In times of low electricity prices or low power requirements, the steam power plant 1 is operated in yinimallast. A typical value for the yinimal load of a coal-fired power plant, where stable operation can still be guaranteed, is 25% of the generator power in nominal load operation. The power output of the compound system is now lowered by having the LAES system in injection mode (air energy injection cycle or air energy injection mode). The concept for the integration of an LAES system in a steam power plant 1 and for the integration of the Einspeicherprozesses in the water / steam cycle of the steam power plant 1 is shown in Figs. 1 and 2. The air compression required for liquefying the air (air compressor 15a, 15b) consumes electrical energy that can be subtracted from the power generation of the steam power plant 1 in an energy balance of the composite system.
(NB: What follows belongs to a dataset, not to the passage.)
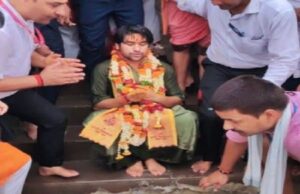 बाबा बागेश्वर बनारस पहुंचे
In addition, the resulting in the intercooling of the air compression in the heat exchangers 16a, 16b of the air liquefaction device 14 heat, which is present at a temperature level of up to about 130 ° C by recycling the cooling medium by means of the line connection 24 completely in the water / steam cycle of the steam power plant 1 returned and integrated. Thereby it is possible to use the low pressure preheating (low pressure feedwater preheating

8) of the condensate to replace partially or completely and possibly turn off or bridge in the Lufterergieeinspeicherungszyklus or Lufterergieeinspeicherungsmodus. The taps of the low-pressure steam turbine 6, which serve in the water / steam cycle of the power plant 1 for preheating the condensate, can thus be reduced. This allows the steam capacity of the steam generator 3 to be reduced without the low-pressure steam turbine 6 falling short of its lower operating limit. The net efficiency of the steam power process (without the LAES process described) can thus be kept constant compared to the usual Minimailastbetrieb while the power output of the steam power plant 1 decreases. The minimum load of the composite system can be reduced by more than 10% points of the generator power (generator 7) of the steam power plant 1 in nominal load operation.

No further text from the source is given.